Catholics launch initiative in Spain to help fleeing Cubans

Father Bladimir Navarro with a Cuban couple aided by Cobijo / Courtesy of Proyecto Cobijo

Madrid, Spain, Oct 5, 2022 / 17:20 pm (CNA).

With the increasing number of Cubans settling in Madrid, a group of Catholics has launched the Cobijo Project to welcome and help their compatriots to integrate into Spanish society.

Cobijo was started by Father Bladimir Navarro, a priest originally from Camagüey who has lived in Madrid for three years, along with fellow Cubans Glaisys Carbonell, Yanaika Lafuente, Lázaro González, Ronald Bolaños, and Jany Gálvez García.

The project’s logo shows a silhouette of the Our Lady of Charity, the patroness of Cuba, with the colors of the national flag.

“Cobijo began as an act of Divine Providence,” Fr. Navarro told ACI Prensa, CNA’s Spanish language sister news agency.

The priest recounted that since he arrived in the Spanish capital he felt that “God was asking me to welcome people who, like me, arrive from Cuba, who arrive with just what they’re wearing.”

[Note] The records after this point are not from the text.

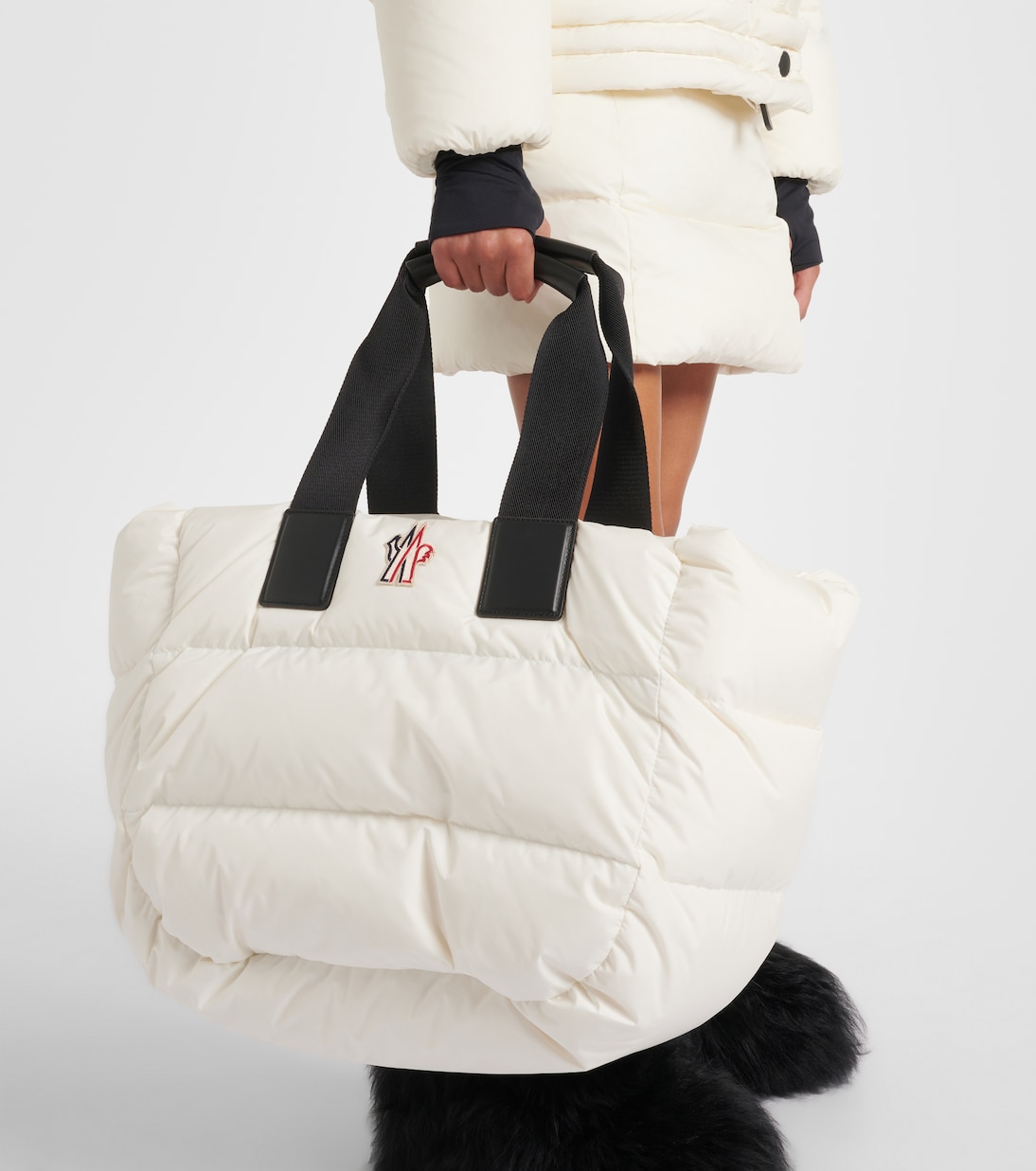 Borsa Caradoc Maxi con logo | Moncler Grenoble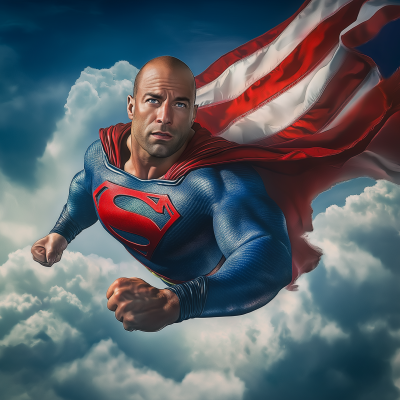 Joe Rogan as Superman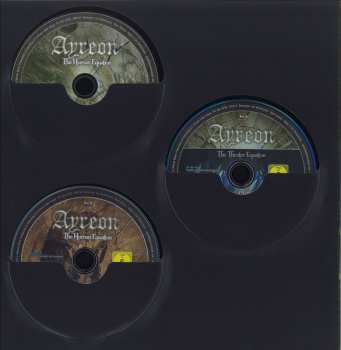 3CD/2Blu-ray Ayreon: The Human Equation DLX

The house where Cobijo operates is located in Alcobendas on the outskirts of metro Madrid, and has been leased to a lady at a generous price, fully furnished.

Fr. Navarro said that by Aug. 1 the group already had the key.

“A young Cuban man began living there and a week later we already had a married couple who came from Serbia with a one-and-a-half-year-old baby, and then we took in another young woman; so we’ve taken in five now. And that’s how Cobijo began, as an act of Divine Providence,” he said.

The priest told ACI Prensa that although many Cubans continue to seek to go directly to the United States, lately the number of their compatriots who go to other countries is growing.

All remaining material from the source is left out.